Topics · Updated 2026-04-28

The temple in Scripture is the house Yahweh sets his name on. It is not invented by Israel; it is the stone successor of the wilderness tabernacle, built only after the king has conquered rest and only on a pattern given from above. Its history runs from David's preparation through Solomon's construction, the indwelling glory, the centuries of plundering and reform, the Babylonian burning, the second-temple rebuilding under Zerubbabel, and the Herodian expansion that Jesus walks. In the New Testament the building gives way to a different temple — the body of Christ, the church built of living stones, and the believer in whom God's Spirit dwells.

A House Built on a Pattern

The temple inherits the tabernacle's working principle: the structure is not a human design but a copy.
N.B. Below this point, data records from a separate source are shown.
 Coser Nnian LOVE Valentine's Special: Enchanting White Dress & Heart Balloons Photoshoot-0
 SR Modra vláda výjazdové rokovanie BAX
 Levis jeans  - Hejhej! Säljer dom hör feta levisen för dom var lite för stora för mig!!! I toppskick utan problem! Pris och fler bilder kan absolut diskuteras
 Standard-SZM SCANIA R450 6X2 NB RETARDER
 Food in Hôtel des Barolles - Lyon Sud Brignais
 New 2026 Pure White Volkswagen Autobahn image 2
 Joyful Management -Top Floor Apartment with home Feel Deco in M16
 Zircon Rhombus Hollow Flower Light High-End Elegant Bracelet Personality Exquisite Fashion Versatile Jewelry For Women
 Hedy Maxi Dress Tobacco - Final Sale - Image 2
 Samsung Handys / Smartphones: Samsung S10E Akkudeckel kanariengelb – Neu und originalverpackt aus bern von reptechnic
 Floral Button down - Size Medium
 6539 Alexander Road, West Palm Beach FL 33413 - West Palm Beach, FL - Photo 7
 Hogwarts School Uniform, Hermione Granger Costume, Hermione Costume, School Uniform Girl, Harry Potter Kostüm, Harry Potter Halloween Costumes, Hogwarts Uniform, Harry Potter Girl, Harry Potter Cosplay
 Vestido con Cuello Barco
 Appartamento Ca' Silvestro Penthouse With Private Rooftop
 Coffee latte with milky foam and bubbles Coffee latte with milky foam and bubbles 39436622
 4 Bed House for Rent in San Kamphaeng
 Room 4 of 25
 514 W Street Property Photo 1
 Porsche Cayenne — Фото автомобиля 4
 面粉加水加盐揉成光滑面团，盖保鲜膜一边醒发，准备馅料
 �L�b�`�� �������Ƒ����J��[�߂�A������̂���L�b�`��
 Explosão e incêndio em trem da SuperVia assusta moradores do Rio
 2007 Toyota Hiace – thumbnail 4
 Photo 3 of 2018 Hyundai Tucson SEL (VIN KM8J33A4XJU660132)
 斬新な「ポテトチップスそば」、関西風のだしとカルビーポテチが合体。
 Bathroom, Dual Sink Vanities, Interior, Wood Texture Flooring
The Lord tells Moses, "see that you make them after their pattern, which has been shown to you in the mount" (Ex 25:40); the tabernacle is reared "according to the fashion of it which has been shown to you in the mount" (Ex 26:30); the altar likewise (Ex 27:8); the lampstand "according to the pattern which Yahweh had shown Moses" (Nu 8:4). David transmits the same logic to Solomon: he gives him "the pattern of all that he had by the Spirit, for the courts of the house of Yahweh, and for all the chambers round about, for the treasuries of the house of God" (1Ch 28:12), and adds, "All this, [said David], I have been made to understand in writing from the hand of Yahweh, even all the works of this pattern" (1Ch 28:19). The book of Hebrews reads the whole arrangement as typological: the priests "serve [that which is] a copy and shadow of the heavenly things, even as Moses is warned [of God] when he is about to make the tabernacle: for, See, he says, that you make all things according to the pattern that was shown to you in the mount" (Heb 8:5).

David's Preparation

David conceives the project but does not execute it. Yahweh's promise to him fixes the agency: "He will build a house for my name, and I will establish the throne of his kingdom forever" (2Sa 7:13). David himself states the limitation to his son: "As for me, it was in my heart to build a house to the name of Yahweh my God. But the word of Yahweh came to me, saying, You have shed blood abundantly, and have made great wars: you will not build a house to my name, because you have shed much blood on the earth in my sight" (1Ch 22:7-8). What David is permitted to do is gather the materials, organize the courses, and hand on the divinely received plan (1Ch 28:12, 1Ch 28:19).

Solomon's Construction

Solomon takes up the commission in the early years of his reign. He sends word to Hiram of Tyre: "look, I purpose to build a house for the name of Yahweh my God, as Yahweh spoke to David my father, saying, Your son, whom I will set on your throne in your place, he will build the house for my name" (1Ki 5:5). The narrator dates the start precisely: "in the four hundred and eightieth year after the sons of Israel had come out of the land of Egypt, in the fourth year of Solomon's reign over Israel, in the month Ziv, which is the second month, that he began to build the house of Yahweh" (1Ki 6:1). Ben Sira's later retrospective reads the same moment as the gift of rest: "Solomon reigned in days of peace, And God gave him rest round about. He prepared a house for his name, And established a sanctuary forever" (Sir 47:13).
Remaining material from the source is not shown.